The sharpest story here is in short interest positioning. At its April peak, estimated short interest climbed above 440,000 shares — more than three times the current level of roughly 116,000 shares, a drop of 72% over the past week alone. That's not short covering on strength; the stock is down 11% on the week and 13% over the past month to $0.77. Shorts have withdrawn while the price has continued to drift lower, which points to mechanical de-risking rather than a squeeze. Cost to borrow has also eased, dropping 11% over the week to 1.39% and down nearly half from levels seen six weeks ago near 2.7%. The borrow market is well-supplied — availability runs at about 199% of short interest — meaning there is no meaningful friction for anyone wanting to rebuild a short position.
The ORTEX short score has tracked the unwind closely. It peaked near 52.6 in mid-April and has since fallen to 42.9, now sitting in only the 33rd percentile. Days-to-cover ranks in the 8th percentile, underscoring how thin the short position has become relative to the universe. Whatever bearish conviction drove the April accumulation has dissipated quickly.

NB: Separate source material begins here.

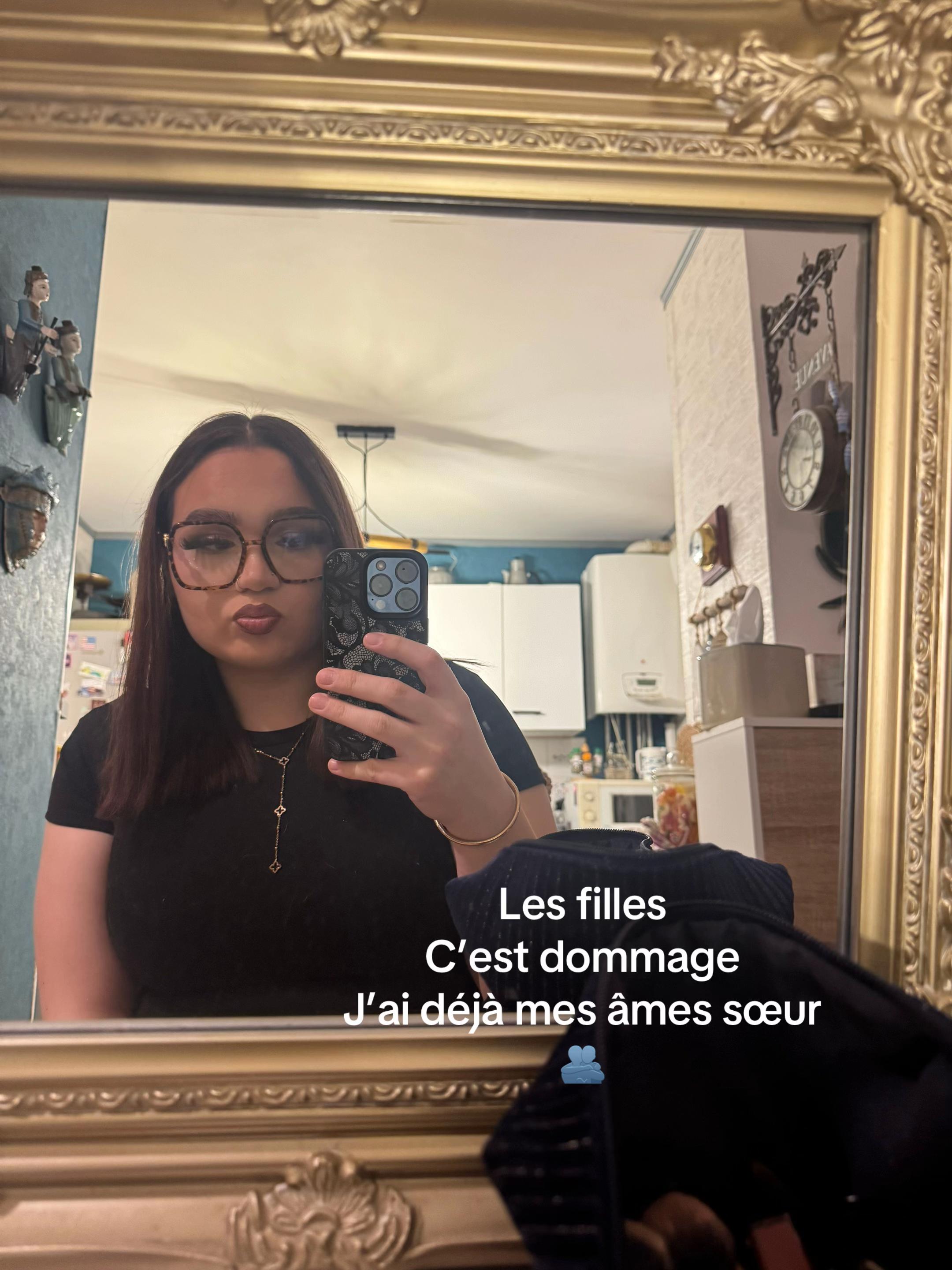 @Inesbrsk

The Street is sharply divided and the targets tell a blunt story. Two analysts cover — Ascendiant Capital holds a Buy with a $10.50 target (cut from $12.50 on April 9), while HC Wainwright sits at Neutral with a $1.00 target (cut in half at the end of March). The mean target of $5.75 is mathematically between two very different assessments of the company's value and deserves little weight on its own. The bull case centres on Intrusion's threat-intelligence platform gaining traction with enterprise clients and cloud partnerships, with the company targeting breakeven in 2026. The bear case is starker: revenue declining, balance sheet thin, and competition intensifying. With the stock near $0.77, even the Neutral analyst's $1.00 target implies meaningful upside — but the gap to the Buy target reflects a genuine disagreement about whether INTRUSION Shield can generate the contract wins needed to change the financial trajectory.
The earnings history adds a note of caution. The most recent print, on March 24, sent the stock down 13% on the day and 27% over the following five sessions. The prior event in February produced a milder 4% day-one drop but a 5% five-day loss. Neither reaction was punishing enough to explain the April short build, but both confirm the stock has not been rewarding holders around reporting dates. The May 12 Q1 release arrives against a backdrop of downward EPS estimate revisions, with Ascendiant's Q2 forecast recently reduced.
On the ownership side, Potomac Capital Management built a fresh 473,050-share position in Q4 2025, a notable new entry for a small-cap fund. Insider activity has been one-directional: the CFO and the founder-CTO both sold modest parcels in January at $1.30. The CEO last sold in August 2025. None of the transactions were large in dollar terms, but none represent buying conviction either.
The May 12 print is the next real test — the question will be whether Intrusion can show any revenue stabilisation against a quarter that carries lowered expectations from both analysts covering the name.